| MATERIAL PROVIDED |
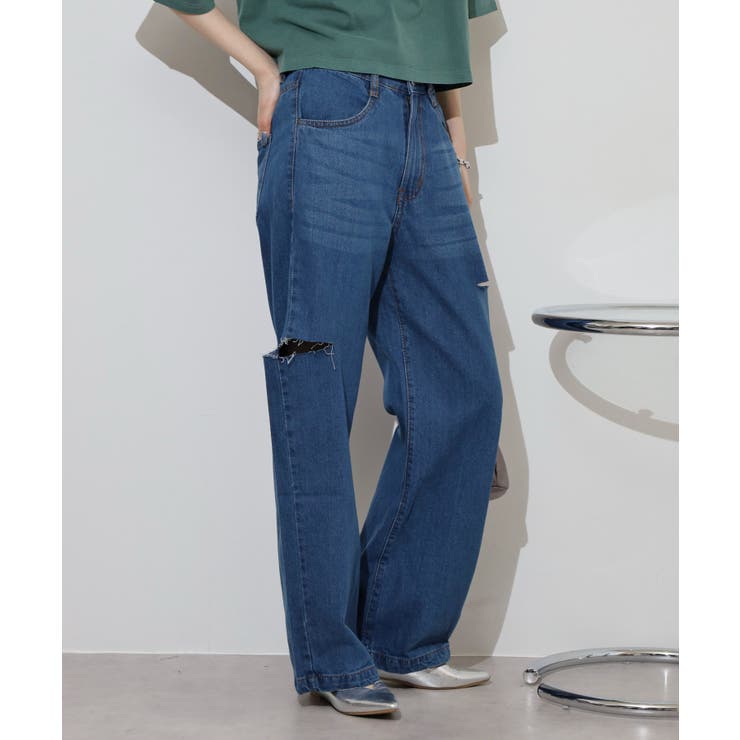 デニムダメージストレートパンツ | atONE | 詳細画像12 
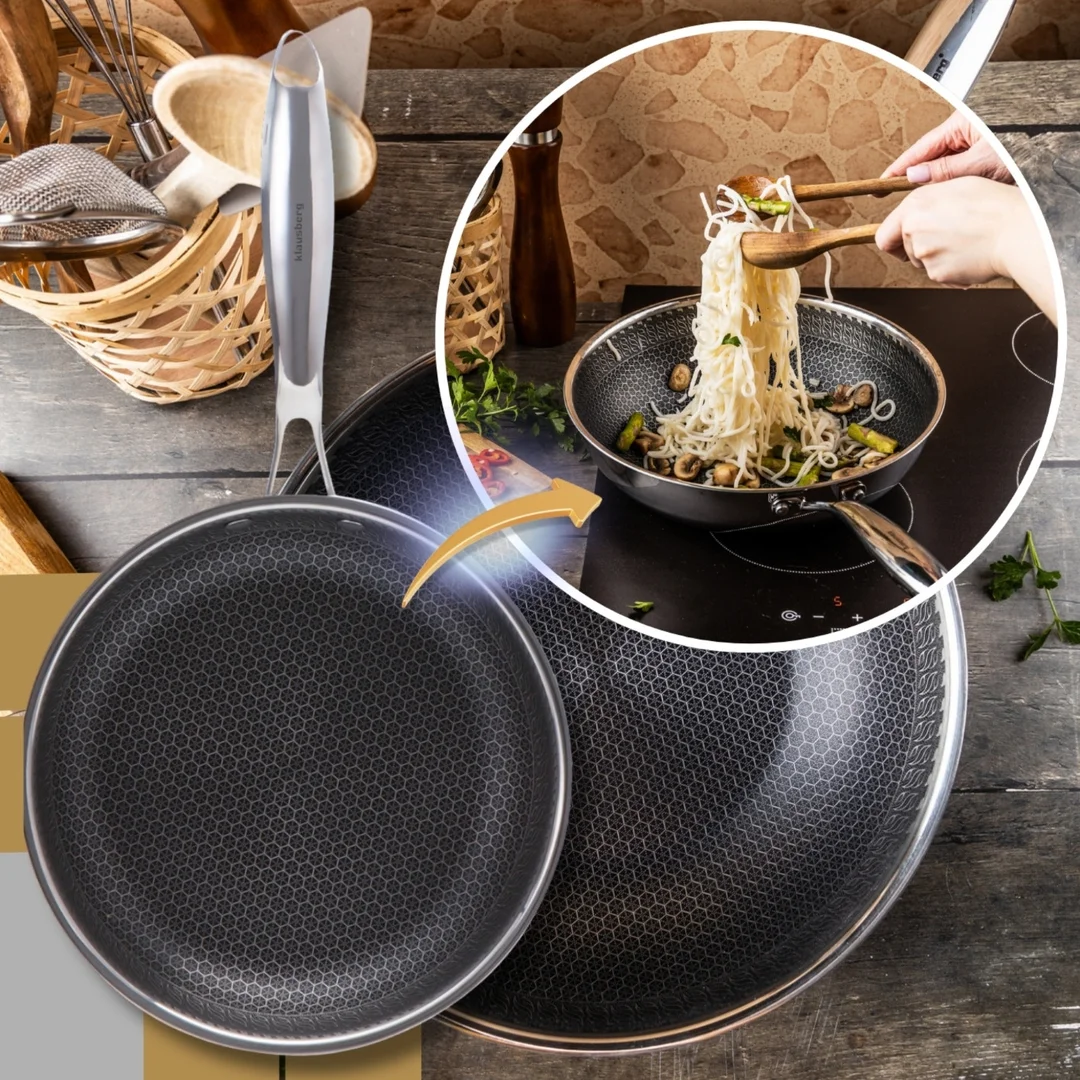 Patelnia powłoka non-stick honeycomb, 28 cm, 3-warstwy, stal 304, PFOA-Free — zdjęcie 10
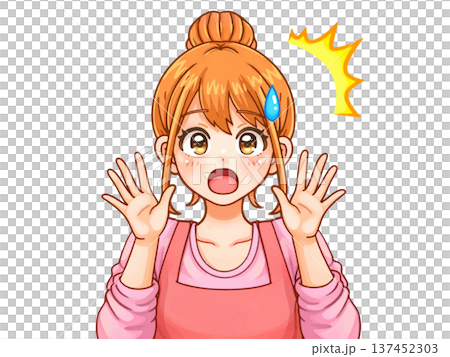 動漫插畫,描繪了一位家庭主婦驚訝震驚地舉起雙手的情景。 動漫插畫,描繪了一位家庭主婦驚訝震驚地舉起雙手的情景。 137452303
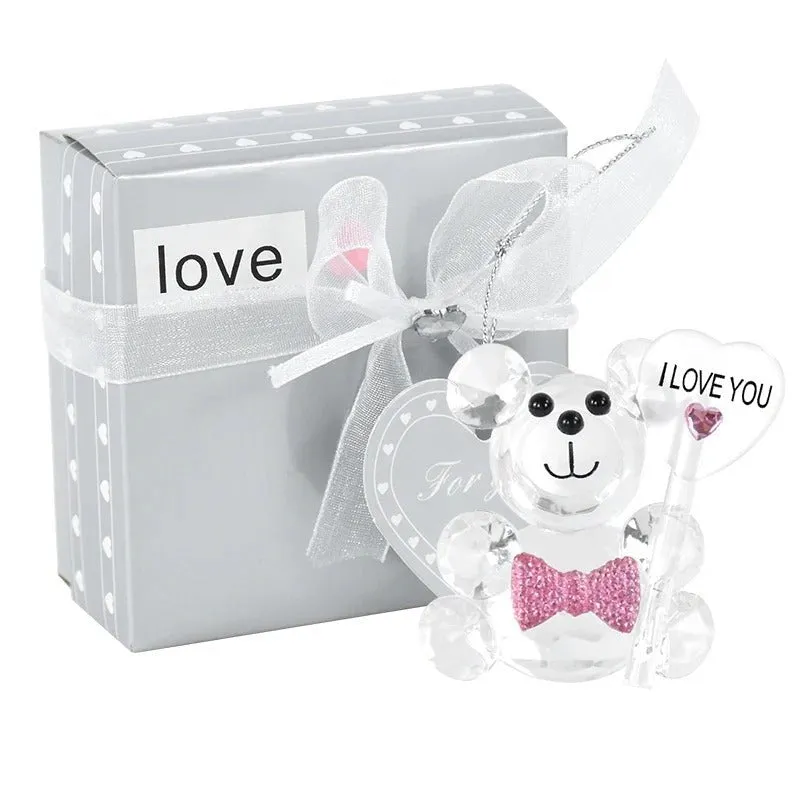 Crystal Bear Glass Rose - Glass Ornaments For Gifts, Home Decoration Accessories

| WHAT YOU WILL DO |
From the line with "Patelnia powłoka non-stick" through the end of the listing, write out every line exactly, leaving out the pictures.

| ANSWER SECTION |
 Patelnia powłoka non-stick honeycomb, 28 cm, 3-warstwy, stal 304, PFOA-Free — zdjęcie 10
 動漫插畫,描繪了一位家庭主婦驚訝震驚地舉起雙手的情景。 動漫插畫,描繪了一位家庭主婦驚訝震驚地舉起雙手的情景。 137452303
 Crystal Bear Glass Rose - Glass Ornaments For Gifts, Home Decoration Accessories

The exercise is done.